Currently Amy is researching eco-architectural environments and sustainable agriculture. Her recent visit to Biosphere II and Arcosanti have sparked a renewed interest in developing a networked, artists community/farm. "I was particularly drawn to Paolo Soleri's vision of Archeology: concept of cities which embody the fusion of architecture with ecology. Soleri's vision parallels a question that arises in much of my research: How do we lead development activities in a direction that will take into account the contradiction between habitat protection and sustainable economic growth?"
Amy Franceschini was born to a farming family and grew up amid the fields and orchards of California's San Joaquin Valley. In 1992 she received a BFA from San Francisco State University where she studied photography and sculpture.
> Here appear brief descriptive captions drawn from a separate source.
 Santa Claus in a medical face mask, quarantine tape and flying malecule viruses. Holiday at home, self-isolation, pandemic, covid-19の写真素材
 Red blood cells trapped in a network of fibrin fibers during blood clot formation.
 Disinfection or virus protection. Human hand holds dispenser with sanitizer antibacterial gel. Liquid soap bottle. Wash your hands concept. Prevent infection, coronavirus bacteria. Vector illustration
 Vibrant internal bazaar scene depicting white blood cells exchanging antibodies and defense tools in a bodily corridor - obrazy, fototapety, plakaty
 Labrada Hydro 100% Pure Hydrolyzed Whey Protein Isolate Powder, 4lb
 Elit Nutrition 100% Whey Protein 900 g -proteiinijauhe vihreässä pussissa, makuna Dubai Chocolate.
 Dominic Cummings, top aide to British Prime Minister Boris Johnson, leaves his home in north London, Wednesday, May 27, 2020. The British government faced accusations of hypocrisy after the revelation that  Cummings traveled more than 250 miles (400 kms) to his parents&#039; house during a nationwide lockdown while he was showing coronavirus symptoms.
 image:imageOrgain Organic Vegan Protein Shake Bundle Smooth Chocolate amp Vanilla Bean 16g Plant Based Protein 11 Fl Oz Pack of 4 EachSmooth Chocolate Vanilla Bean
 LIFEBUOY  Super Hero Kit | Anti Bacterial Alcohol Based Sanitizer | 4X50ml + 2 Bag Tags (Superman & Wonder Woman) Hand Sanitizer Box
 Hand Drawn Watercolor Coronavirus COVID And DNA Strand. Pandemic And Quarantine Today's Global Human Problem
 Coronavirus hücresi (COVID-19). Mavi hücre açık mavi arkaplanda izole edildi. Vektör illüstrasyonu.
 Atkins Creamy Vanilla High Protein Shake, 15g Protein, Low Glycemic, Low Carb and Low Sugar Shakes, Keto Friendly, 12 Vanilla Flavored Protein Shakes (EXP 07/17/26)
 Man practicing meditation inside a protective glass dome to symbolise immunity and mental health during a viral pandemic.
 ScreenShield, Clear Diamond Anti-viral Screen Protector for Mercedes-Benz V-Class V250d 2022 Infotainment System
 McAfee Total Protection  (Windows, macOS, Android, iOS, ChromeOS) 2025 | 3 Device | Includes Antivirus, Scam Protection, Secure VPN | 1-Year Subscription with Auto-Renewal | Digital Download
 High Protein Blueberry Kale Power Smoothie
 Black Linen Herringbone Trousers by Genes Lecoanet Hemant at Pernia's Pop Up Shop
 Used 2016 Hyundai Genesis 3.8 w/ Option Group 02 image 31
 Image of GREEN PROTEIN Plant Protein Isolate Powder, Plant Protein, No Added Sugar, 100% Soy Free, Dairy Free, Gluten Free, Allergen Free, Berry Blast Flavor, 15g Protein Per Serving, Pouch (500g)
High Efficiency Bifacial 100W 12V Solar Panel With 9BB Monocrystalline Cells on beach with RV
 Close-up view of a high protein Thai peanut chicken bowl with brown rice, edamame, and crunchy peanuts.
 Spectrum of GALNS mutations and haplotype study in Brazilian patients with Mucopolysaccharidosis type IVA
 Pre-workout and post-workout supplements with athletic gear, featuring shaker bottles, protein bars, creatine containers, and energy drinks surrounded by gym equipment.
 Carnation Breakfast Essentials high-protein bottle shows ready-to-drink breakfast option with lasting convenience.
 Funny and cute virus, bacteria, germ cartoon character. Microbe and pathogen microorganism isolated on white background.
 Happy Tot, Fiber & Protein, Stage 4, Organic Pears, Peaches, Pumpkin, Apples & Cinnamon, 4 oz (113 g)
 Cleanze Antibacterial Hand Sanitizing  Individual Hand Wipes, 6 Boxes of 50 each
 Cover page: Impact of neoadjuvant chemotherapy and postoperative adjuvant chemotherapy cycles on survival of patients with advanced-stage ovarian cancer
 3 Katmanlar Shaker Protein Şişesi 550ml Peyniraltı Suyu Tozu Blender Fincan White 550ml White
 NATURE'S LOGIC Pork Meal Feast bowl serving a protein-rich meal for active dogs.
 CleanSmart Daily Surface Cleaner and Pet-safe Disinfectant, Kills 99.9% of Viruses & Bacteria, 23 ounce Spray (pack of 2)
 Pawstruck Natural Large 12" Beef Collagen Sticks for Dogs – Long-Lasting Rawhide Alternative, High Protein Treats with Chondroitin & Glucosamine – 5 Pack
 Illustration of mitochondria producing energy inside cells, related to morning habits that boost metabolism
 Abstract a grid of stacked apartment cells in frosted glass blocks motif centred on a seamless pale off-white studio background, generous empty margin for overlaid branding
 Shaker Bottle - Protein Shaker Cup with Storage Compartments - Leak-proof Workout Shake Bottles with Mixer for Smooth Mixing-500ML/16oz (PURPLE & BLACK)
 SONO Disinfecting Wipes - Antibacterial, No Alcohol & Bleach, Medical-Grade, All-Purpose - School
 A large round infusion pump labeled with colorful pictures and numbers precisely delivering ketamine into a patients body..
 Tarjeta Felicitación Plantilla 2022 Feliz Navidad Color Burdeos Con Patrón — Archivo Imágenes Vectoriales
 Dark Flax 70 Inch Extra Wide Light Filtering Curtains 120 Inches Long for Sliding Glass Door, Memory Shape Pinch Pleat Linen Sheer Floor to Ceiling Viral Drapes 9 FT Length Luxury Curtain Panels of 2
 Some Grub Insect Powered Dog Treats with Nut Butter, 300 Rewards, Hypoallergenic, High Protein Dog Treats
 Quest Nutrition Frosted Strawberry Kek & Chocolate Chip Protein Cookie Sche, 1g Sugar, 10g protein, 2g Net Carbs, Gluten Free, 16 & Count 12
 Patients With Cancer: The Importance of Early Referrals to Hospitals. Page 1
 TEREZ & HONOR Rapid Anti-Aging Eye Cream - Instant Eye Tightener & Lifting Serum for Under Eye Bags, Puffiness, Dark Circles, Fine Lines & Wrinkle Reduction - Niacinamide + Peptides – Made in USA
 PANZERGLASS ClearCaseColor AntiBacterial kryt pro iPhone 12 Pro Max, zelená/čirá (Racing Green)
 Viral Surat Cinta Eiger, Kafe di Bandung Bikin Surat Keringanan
In 1995, she co-founded Atlas (www.atlasmagazine.com), an online magazine. Atlas was selected as the first website to be included in the permanent collection of the San Francisco Museum of Modern Art. The site has won two Webby awards (the equivalent of an online Oscar) for Art and Design, and has been internationally recognized for its unorthodox approach to online publishing.
In 1995, Amy also started Futurefarmers, an online showcase of new work and experimental collaborations with programmers and artists. Futurefarmers hosts an artist in residence program and develops new media projects for many corporate clients.
Recently, Amy completed an internet-based, data-driven, kinetic sculpture for Yerba Buena Center for the Arts: Bay Area Now 2 exhibition. This piece addressed environmental problems suffered by wetlands and migratory birds in the Bay Area as a result of population growth and economic expansion.